**Directions:**
What you produce should match the records below precisely, except that images are removed.

++++++++++++++++++++

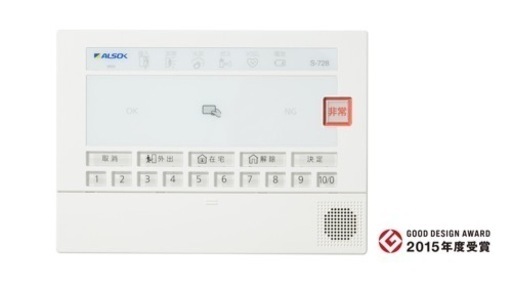 アルソック ALSOK s-728 ホームセキュリティ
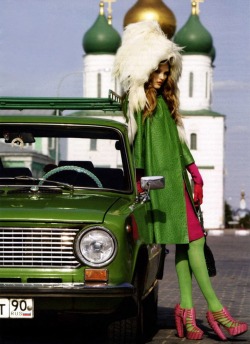 Xabuton: Russian Green That&Amp;Rsquo;S Style. So Many Greens In Contrast To Pink.
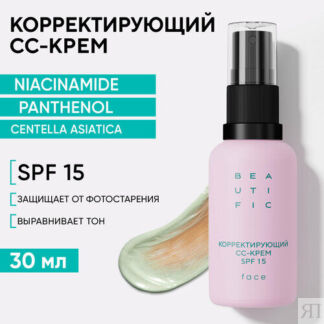 BEAUTIFIC Корректирующий СС-крем ACNE AWAY, тональный крем с универсальным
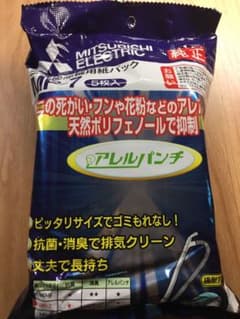 三菱掃除機用 純正紙パック MP-7 アレルパンチのサムネイル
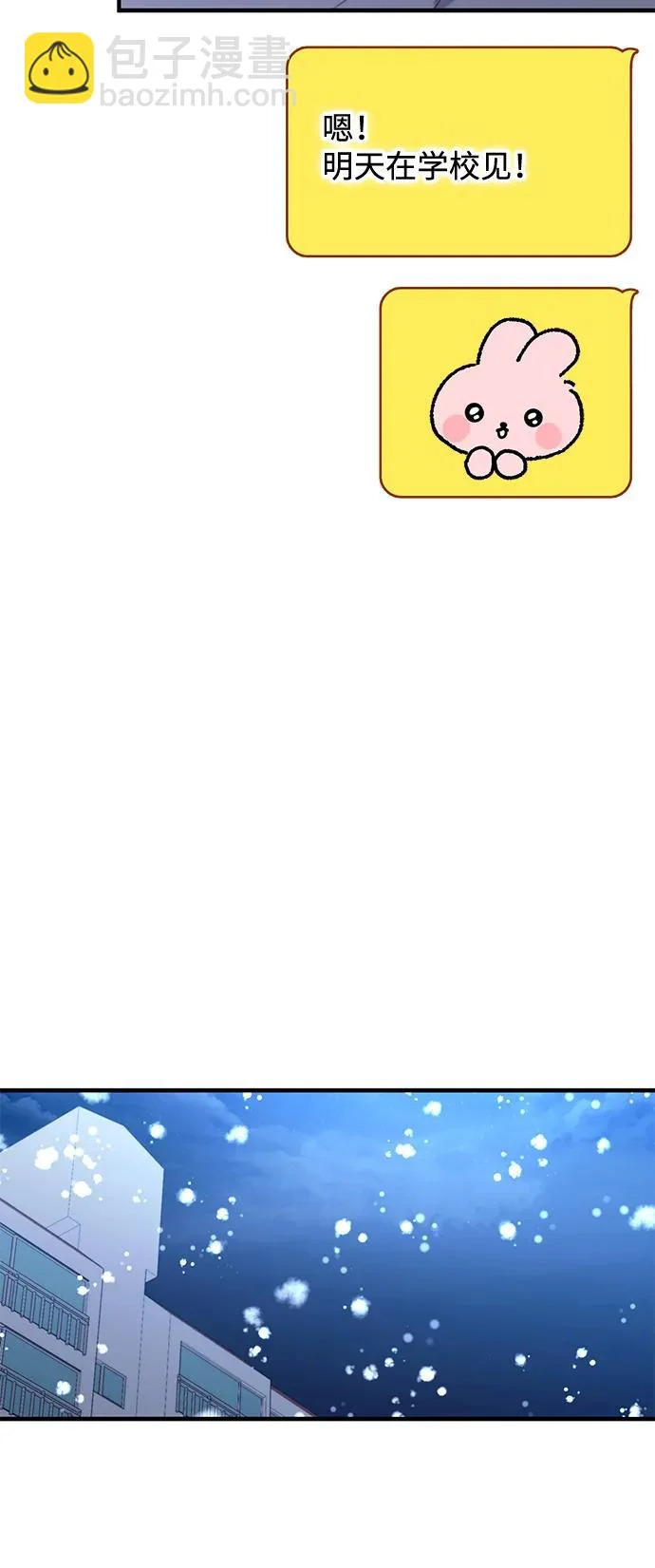 第237页
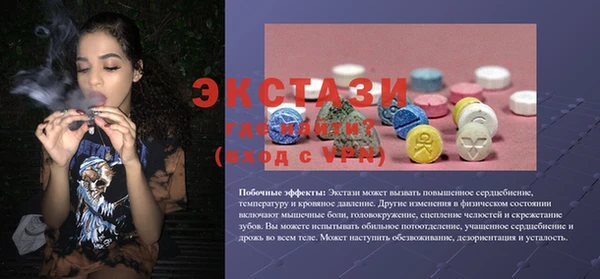 кокаин перу Лихославль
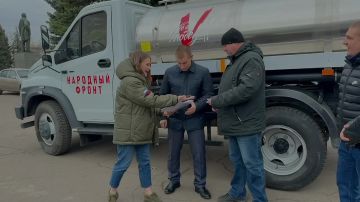 Сергей Колягин: В решении задачи по обеспечению водой жителей населенных пунктов, в которых на сегодняшний день еще не удалось наладить централизованное водоснабжение, нам оказал неоценимую помощь Народный Фронт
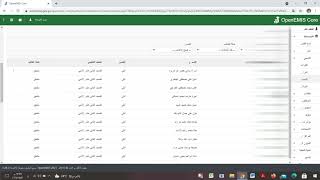 كيفية إدخال بيانات الطول والوزن وفحص قوة الإبصار للطالب OpenEMIS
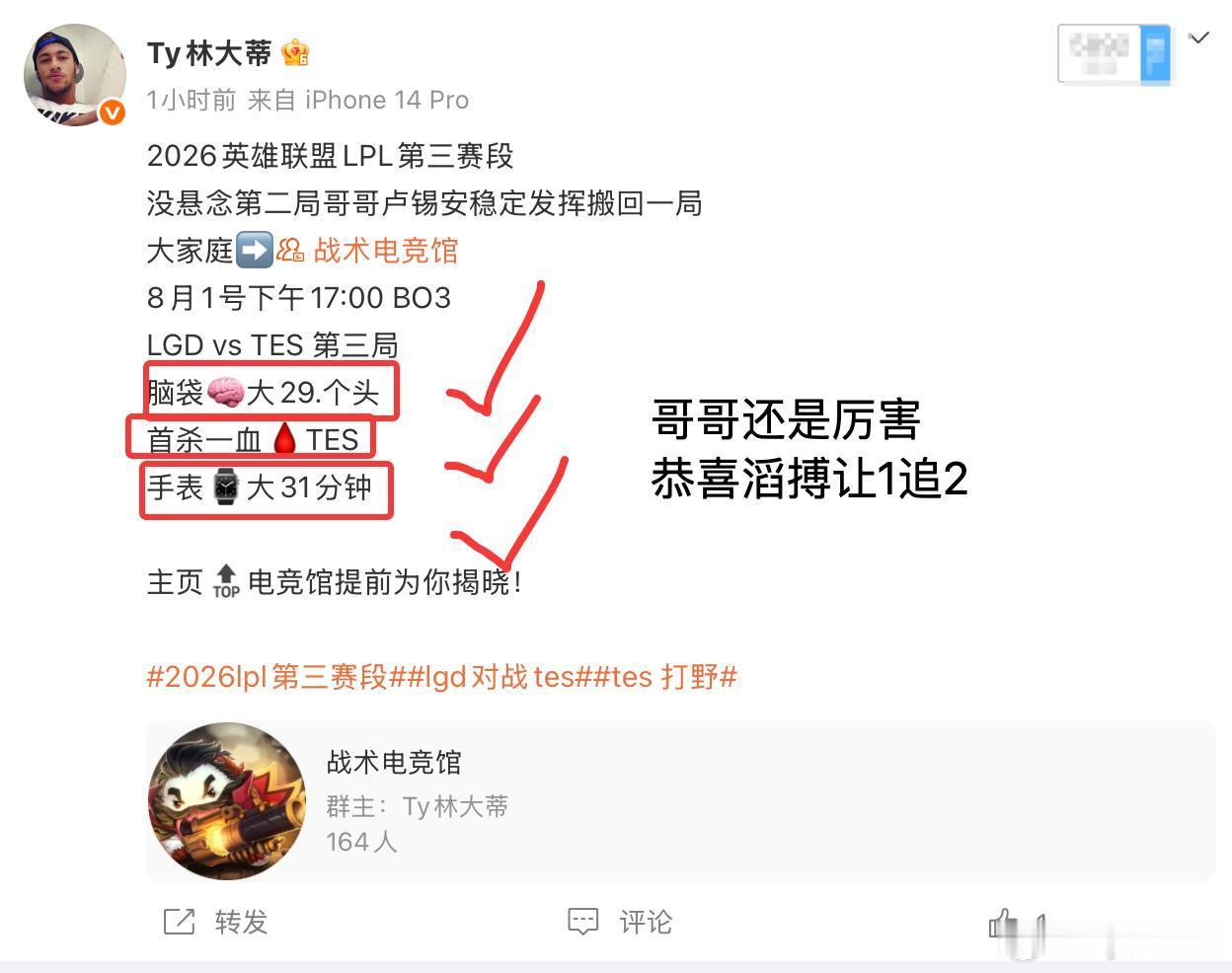 2026英雄联盟LPL第三赛段恭喜TES2比1拿下LGD，哥哥厉害，下一场JDG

++++++++++++++++++++

**Exercise result:**
 アルソック ALSOK s-728 ホームセキュリティ
 Xabuton: Russian Green That&Amp;Rsquo;S Style. So Many Greens In Contrast To Pink.
 BEAUTIFIC Корректирующий СС-крем ACNE AWAY, тональный крем с универсальным
 三菱掃除機用 純正紙パック MP-7 アレルパンチのサムネイル
 第237页
 кокаин перу Лихославль
 Сергей Колягин: В решении задачи по обеспечению водой жителей населенных пунктов, в которых на сегодняшний день еще не удалось наладить централизованное водоснабжение, нам оказал неоценимую помощь Народный Фронт
 كيفية إدخال بيانات الطول والوزن وفحص قوة الإبصار للطالب OpenEMIS
 2026英雄联盟LPL第三赛段恭喜TES2比1拿下LGD，哥哥厉害，下一场JDG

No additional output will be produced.